When we set up a new office for our collectZing.com business last year I did the usual thing – rang Dell and ordered a bunch of whichever PCs were on special, plus copies of Office Pro. It didn’t even occur to me that of course Windows XP had been superseded, and so we came to hate Windows Vista.
The best summary of my frustrations can be found in this extremely fun review of a chap ‘upgrading’ to Windows XP from Vista.
Then yesterday I enjoyed reading Charles Wright’s Bleeding Edge article in the Age Green Guide about him helping a friend downgrade from Word 2007 to Word 2003, and Charles’ quite justified criticism of the totally unhumanly sympathetic Word 2007 (article doesn’t seem to be online).
And also yesterday I was reminded of yet more quirks in the new Office. We use QuickBooks, on a Vista machine (just getting QB running on Vista was a pain, there was no QB for Vista when we bought the PC, then they finally issued an upgrade, but even now we can’t open any of the online help pages).
I regularly export from QuickBooks to Excel – it’s an excellent way to get my hands on financial data to play with, and was easy and smooth process. Actually it still is – click the Export button on a QB report and up pops Excel with my numbers.
But there’s a trick, and it took me a moment to work out something was amiss. I deleted a column – and wondered why the machine had locked up for about 5 minutes. After this happened a couple of times I poked around, and discovered the Excel file size was 4meg. I copied and pasted the cells with the data into a clean Excel file and saved – 24k. The inevitable conclusion – QB and Excel 2007 creates huge files. And another light bulb went on. When scrolling down the Excel sheet I realised I could scroll forever – every cell of all some 65,000 rows had some kind of data attached – even if the cells appeared blank.

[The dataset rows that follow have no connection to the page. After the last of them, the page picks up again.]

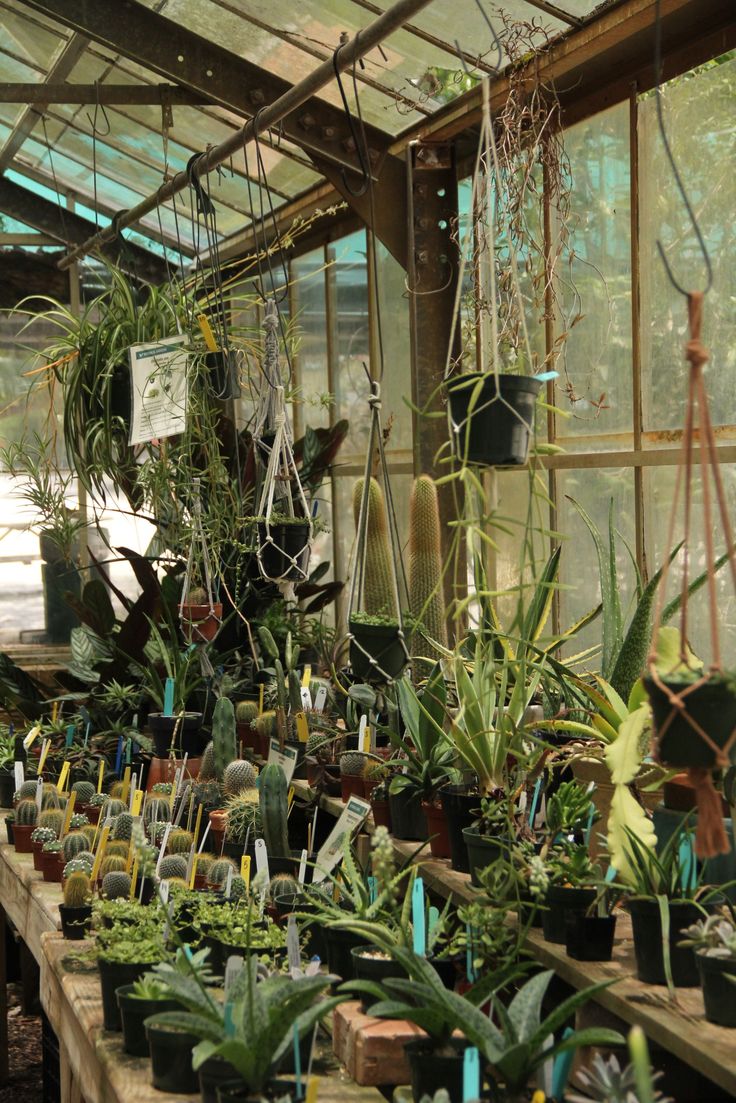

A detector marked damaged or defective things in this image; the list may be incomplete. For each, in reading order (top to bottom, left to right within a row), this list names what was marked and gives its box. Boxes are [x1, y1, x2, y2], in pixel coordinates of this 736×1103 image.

rusty metal beam [0, 35, 88, 172]
rusty metal beam [0, 83, 204, 104]
rusty metal beam [17, 0, 394, 175]
rusty metal beam [0, 175, 171, 282] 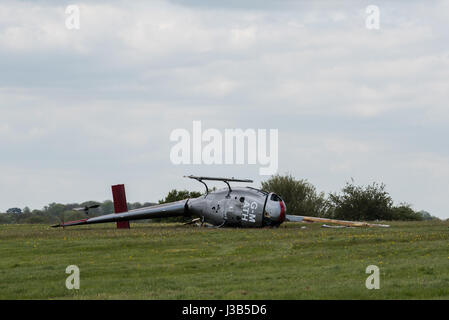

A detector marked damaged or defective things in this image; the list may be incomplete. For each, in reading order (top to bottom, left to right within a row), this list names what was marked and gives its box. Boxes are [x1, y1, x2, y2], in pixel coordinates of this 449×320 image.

crashed helicopter [51, 176, 388, 229] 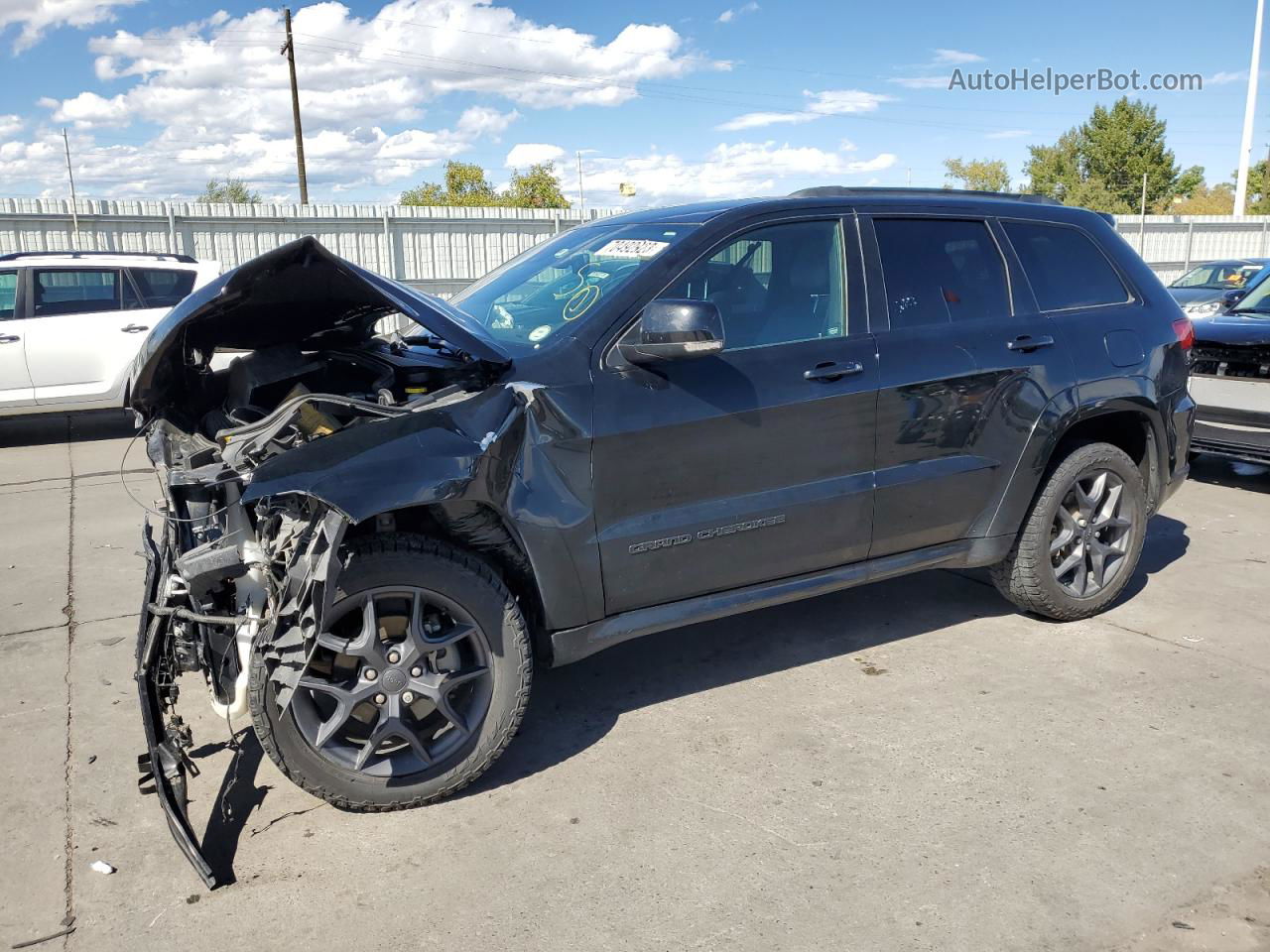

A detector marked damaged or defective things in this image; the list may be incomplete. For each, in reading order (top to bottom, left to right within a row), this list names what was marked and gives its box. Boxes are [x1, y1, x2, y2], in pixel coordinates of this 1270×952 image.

wrecked jeep grand cherokee [134, 187, 1194, 889] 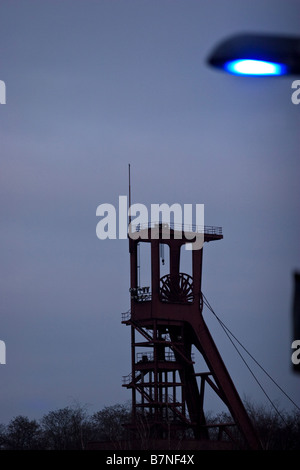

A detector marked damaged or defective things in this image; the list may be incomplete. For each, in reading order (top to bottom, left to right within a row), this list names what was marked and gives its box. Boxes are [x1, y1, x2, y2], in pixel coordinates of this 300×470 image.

rusty metal structure [122, 218, 262, 450] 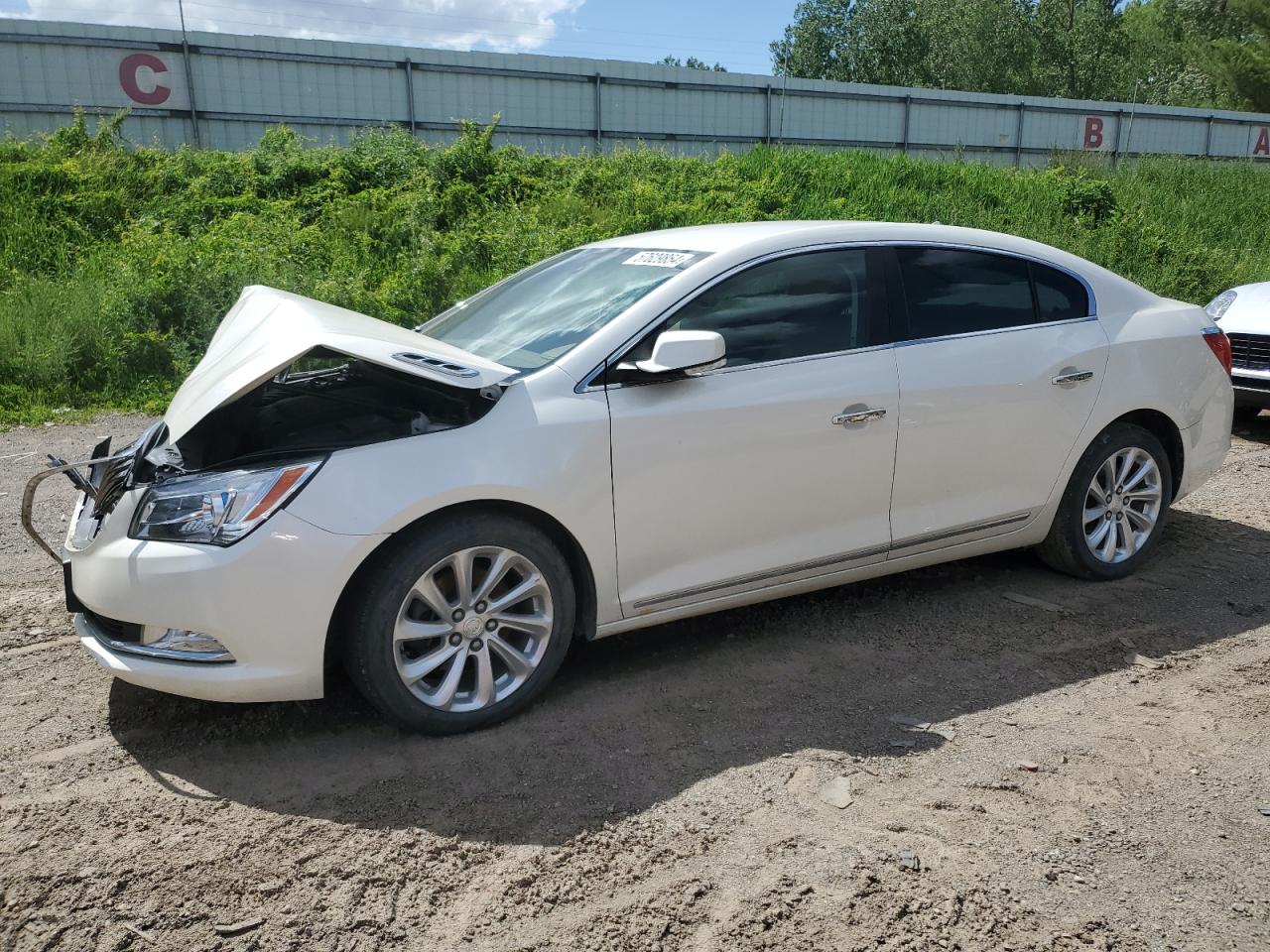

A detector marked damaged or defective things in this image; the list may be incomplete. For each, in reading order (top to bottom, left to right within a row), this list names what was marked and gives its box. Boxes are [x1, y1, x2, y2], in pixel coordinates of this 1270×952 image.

bent metal piece [20, 454, 131, 565]
damaged front bumper [18, 428, 386, 705]
damaged white car [17, 219, 1229, 736] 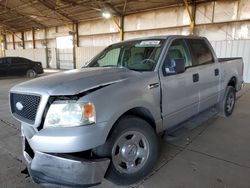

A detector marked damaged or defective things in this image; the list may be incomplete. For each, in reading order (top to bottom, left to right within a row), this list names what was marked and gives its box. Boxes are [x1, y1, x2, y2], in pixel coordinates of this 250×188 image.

damaged front bumper [22, 139, 110, 187] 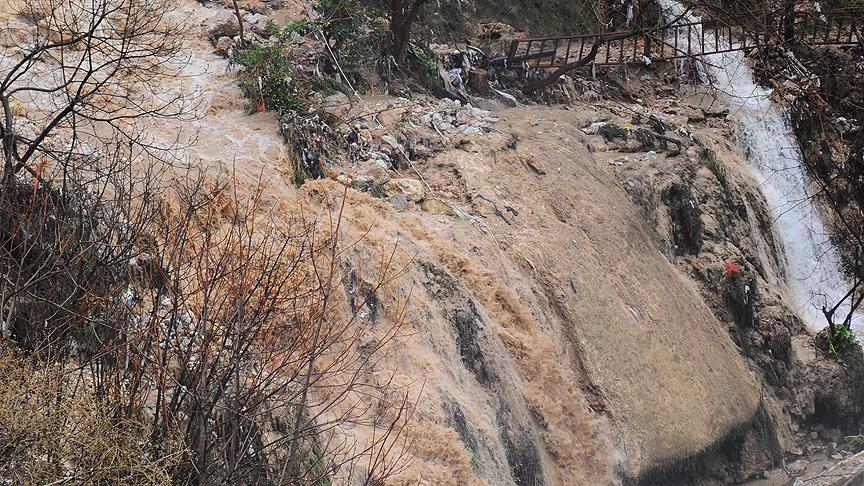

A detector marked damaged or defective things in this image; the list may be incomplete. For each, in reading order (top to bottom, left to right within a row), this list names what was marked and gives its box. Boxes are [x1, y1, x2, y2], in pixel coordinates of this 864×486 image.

damaged wooden bridge [492, 6, 864, 69] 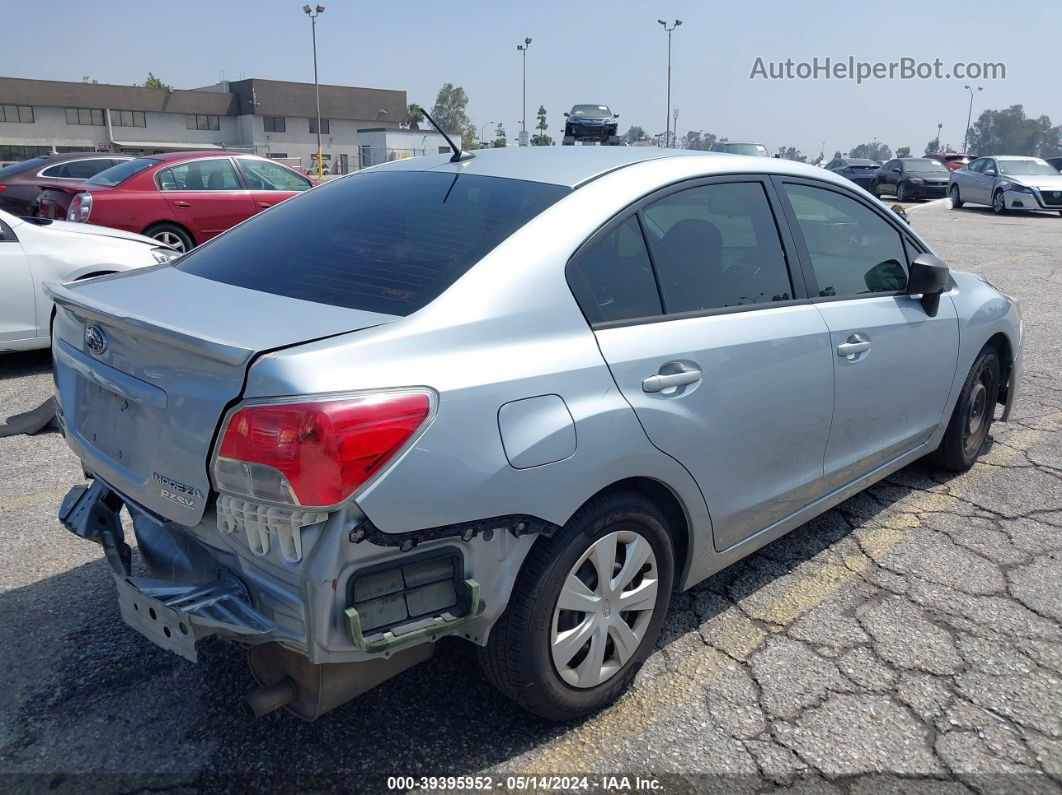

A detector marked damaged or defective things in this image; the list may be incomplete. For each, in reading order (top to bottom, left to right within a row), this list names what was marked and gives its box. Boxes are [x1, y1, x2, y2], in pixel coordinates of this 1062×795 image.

torn bumper cover [58, 479, 276, 662]
cracked pavement [0, 199, 1057, 789] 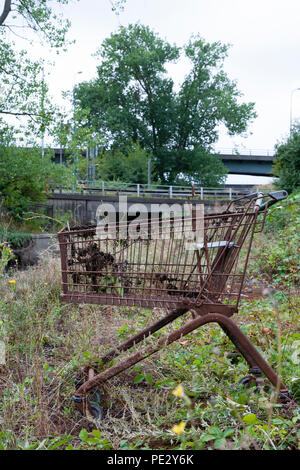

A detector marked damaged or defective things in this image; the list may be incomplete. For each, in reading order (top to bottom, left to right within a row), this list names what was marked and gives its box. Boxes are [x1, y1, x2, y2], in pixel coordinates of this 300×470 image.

rusty shopping cart [58, 189, 292, 416] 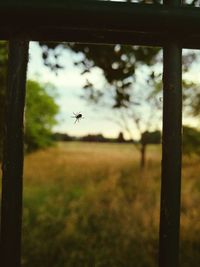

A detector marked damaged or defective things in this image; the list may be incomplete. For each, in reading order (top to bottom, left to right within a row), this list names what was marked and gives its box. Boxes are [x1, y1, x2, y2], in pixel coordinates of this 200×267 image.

rusty metal bar [0, 39, 28, 267]
rusty metal bar [159, 0, 183, 266] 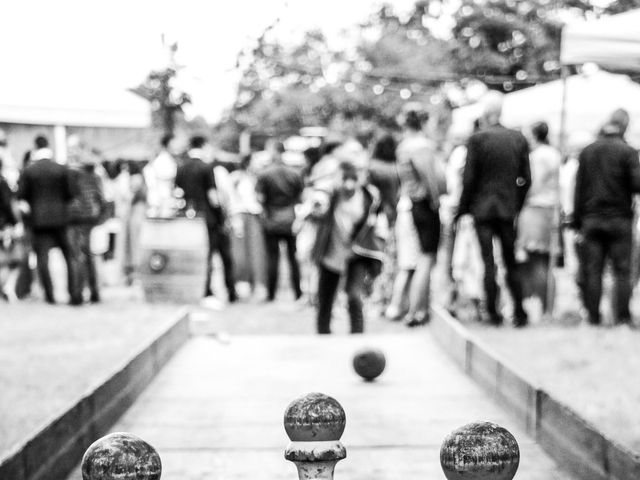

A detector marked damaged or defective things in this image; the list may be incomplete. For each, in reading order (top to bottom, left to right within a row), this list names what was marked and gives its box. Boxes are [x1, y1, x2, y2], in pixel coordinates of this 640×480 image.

rusty metal sphere [352, 346, 388, 380]
rusty metal sphere [284, 392, 344, 440]
rusty metal sphere [81, 432, 161, 480]
rusty metal sphere [440, 422, 520, 478] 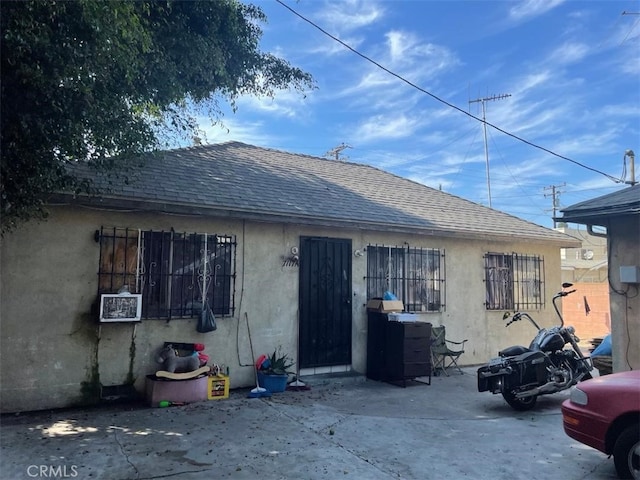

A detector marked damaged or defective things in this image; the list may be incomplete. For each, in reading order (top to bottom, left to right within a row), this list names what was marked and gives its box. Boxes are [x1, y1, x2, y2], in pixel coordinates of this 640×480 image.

cracked concrete slab [1, 370, 620, 478] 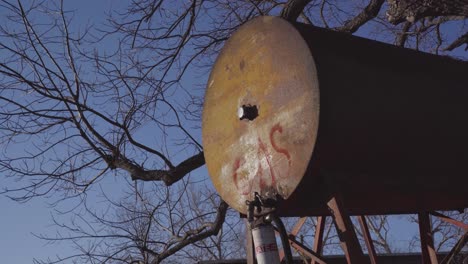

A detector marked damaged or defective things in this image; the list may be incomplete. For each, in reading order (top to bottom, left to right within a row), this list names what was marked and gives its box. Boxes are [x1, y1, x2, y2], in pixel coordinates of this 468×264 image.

rusty metal tank [201, 16, 468, 217] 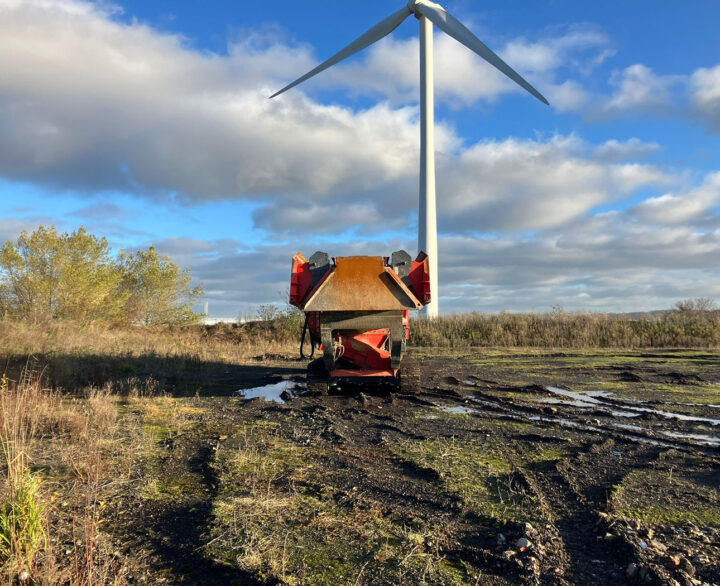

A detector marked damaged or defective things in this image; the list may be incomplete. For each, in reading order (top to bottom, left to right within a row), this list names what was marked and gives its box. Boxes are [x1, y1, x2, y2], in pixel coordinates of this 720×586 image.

rusty hopper [290, 249, 430, 390] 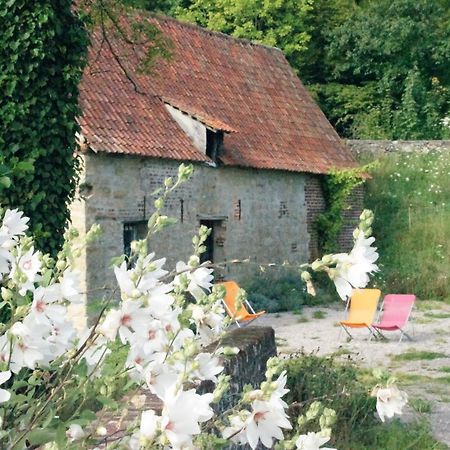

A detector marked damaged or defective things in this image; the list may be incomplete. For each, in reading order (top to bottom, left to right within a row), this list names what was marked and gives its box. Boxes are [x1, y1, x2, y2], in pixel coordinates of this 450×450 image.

broken roof section [79, 15, 356, 174] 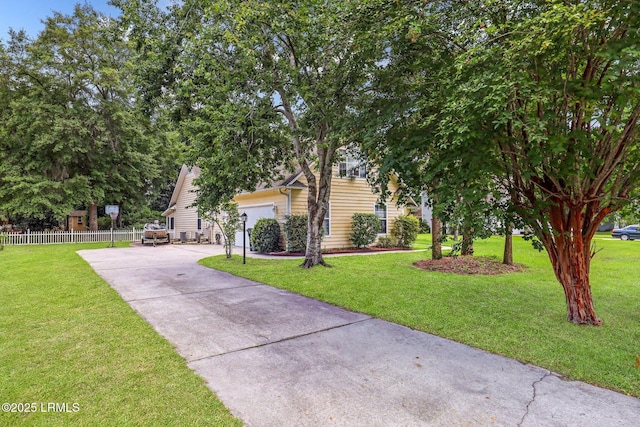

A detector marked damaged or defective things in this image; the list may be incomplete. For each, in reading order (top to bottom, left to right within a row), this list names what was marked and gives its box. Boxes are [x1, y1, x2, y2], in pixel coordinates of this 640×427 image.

driveway crack [516, 370, 552, 426] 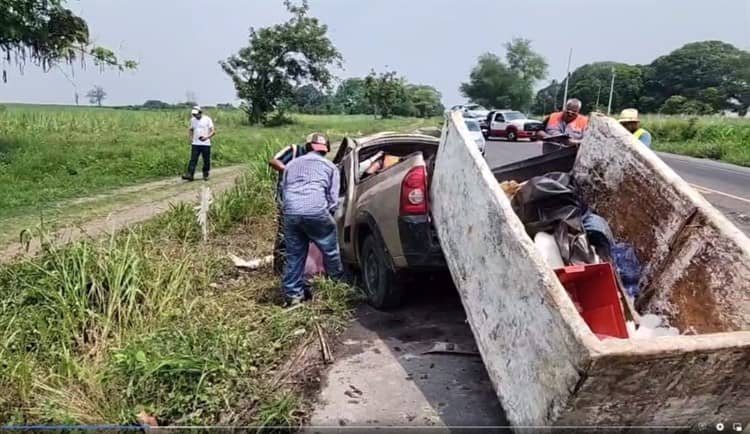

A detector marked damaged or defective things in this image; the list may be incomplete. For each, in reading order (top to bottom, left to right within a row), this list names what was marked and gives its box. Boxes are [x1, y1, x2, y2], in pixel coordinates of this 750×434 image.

damaged vehicle [330, 132, 446, 308] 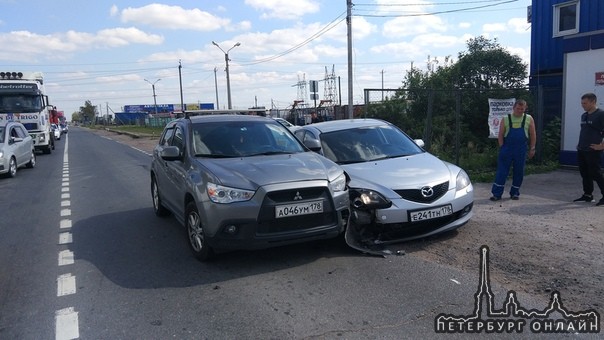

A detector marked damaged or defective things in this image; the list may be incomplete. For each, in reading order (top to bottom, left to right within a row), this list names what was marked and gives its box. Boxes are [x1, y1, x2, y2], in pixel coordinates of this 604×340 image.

crumpled hood [201, 151, 342, 189]
crumpled hood [342, 152, 456, 197] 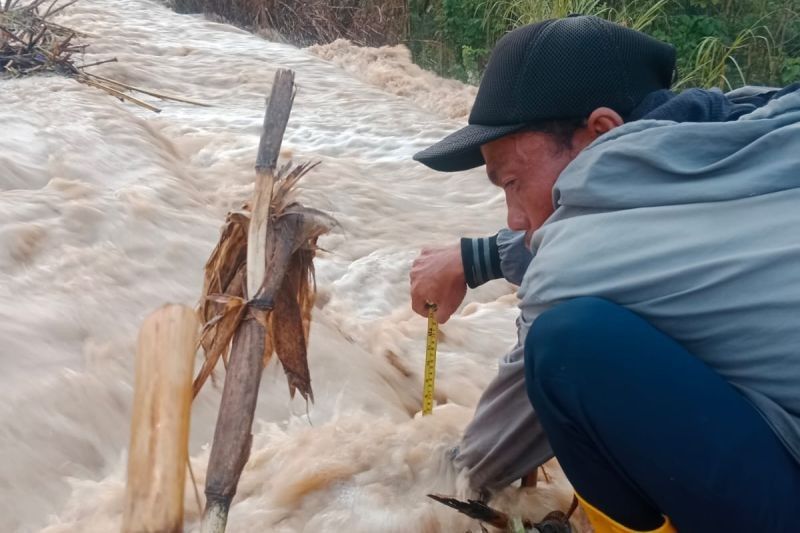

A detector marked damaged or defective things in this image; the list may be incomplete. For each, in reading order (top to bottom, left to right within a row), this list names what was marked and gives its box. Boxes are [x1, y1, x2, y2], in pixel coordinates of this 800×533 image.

Hence my trouble. When I asked to delete a column, it was a column 65,000 rows deep, no wonder the PC was taking time.
It’s a huge annoyance and I can’t find a way around it except to copy and paste the numbers to a fresh sheet – whereupon I lose most of my formatting. I even tried saving the file back down to 2003 format and opening it on another machine that runs XP and Office 2003. Same problem.
This is a brand new problem – never happened in QB on XP with Excel 2003. It’s an activity I perform almost every day – and it’s now completely stuffed.